Руки у нее были теплые. Ногти совершенны, как морские раковины. И нигде ни малейшего изъяна, ни единого шва. Он глядел на нее и ему вспомнились слова, которые они так часто читали вместе в те счастливые дни: «О, ты прекрасна, возлюбленная моя, ты прекрасна! Глаза твои голубиные под кудрями твоими… Как лента алая губы твои, а уста твои любезны… Два сосца твоих как двойни молодой серны, пасущиеся между лилиями… Вся ты прекрасна, возлюбленная моя, и пятна нет на тебе».4
— Джордж!
— Что? — Глаза у него были ледяные. Ему захотелось поцеловать ее.
«…Мед и молоко под языком твоим, и благоухание одежды твоей подобно благоуханию Ливана».
— Джордж!
Оглушительный шум в ушах. Комната перед глазами пошла ходуном.
— Да, да, сейчас, одну минуту… — он затряс головой, чтобы вытряхнуть из нее шум.

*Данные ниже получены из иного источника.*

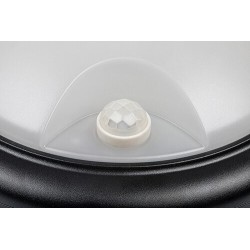 Sieninis lauko šviestuvas Hitura LED 15W 4000K Neutrali balta (Juoda)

«О, как прекрасны ноги твои в сандалиях, дочь княжеская! Округление бедер твоих, как ожерелье, творение искусного художника…»
— Как им это удалось? — вскричал он.
Так быстро! За три часа, пока он спал. Как это они расплавили золото, укрепили тончайшие часовые пружинки, алмазы, блестки, конфетти, драгоценные рубины, жидкое серебро, медные проволочки? А ее волосы? Их спряли металлические насекомые? Нет, наверно, золотисто-желтое пламя залили в форму и дали ему затвердеть…
— Если ты будешь говорить об этом, я сейчас же уйду, — сказала она.
— Нет-нет, не уходи!
— Тогда ближе к делу, — холодно сказала она, — Ты хотел говорить со мной о Леонарде.
— Подожди, об этом немного позже.
— Нет, сейчас, — настаивала она.
В нем уже не было гнева. Все как будто смыло волной, когда он ее увидел. Он чувствовал себя гадким мальчишкой.
— Зачем ты пришел ко мне? — спросила она без улыбки.
— Прошу тебя…
— Нет, отвечай. Если насчет Леонарда, то ты же знаешь, что я люблю его.
— Замолчи! — Он зажал уши руками. Она не унималась.
— Тебе отлично известно, что я сейчас все время с ним. Я теперь бываю с Леонардом там, где бывали мы с тобой. Помнишь лужайку на Монте-Верде? Мы с ним были там на прошлой неделе. Месяц назад мы летали в Афины, взяли с собой ящик шампанского.
Он облизал пересохшие губы:
— Ты не виновата, не виновата! — Он вскочил и схватил ее за руки. — Ты только что появилась на свет, ты не она. Виновата она, не ты. Ты совсем другая.
— Неправда, — сказала женщина. — Я и есть она. Я могу поступать только так, как она. Во мне нет ни грамма того, чего нет в ней. Практически мы с ней одно и тоже.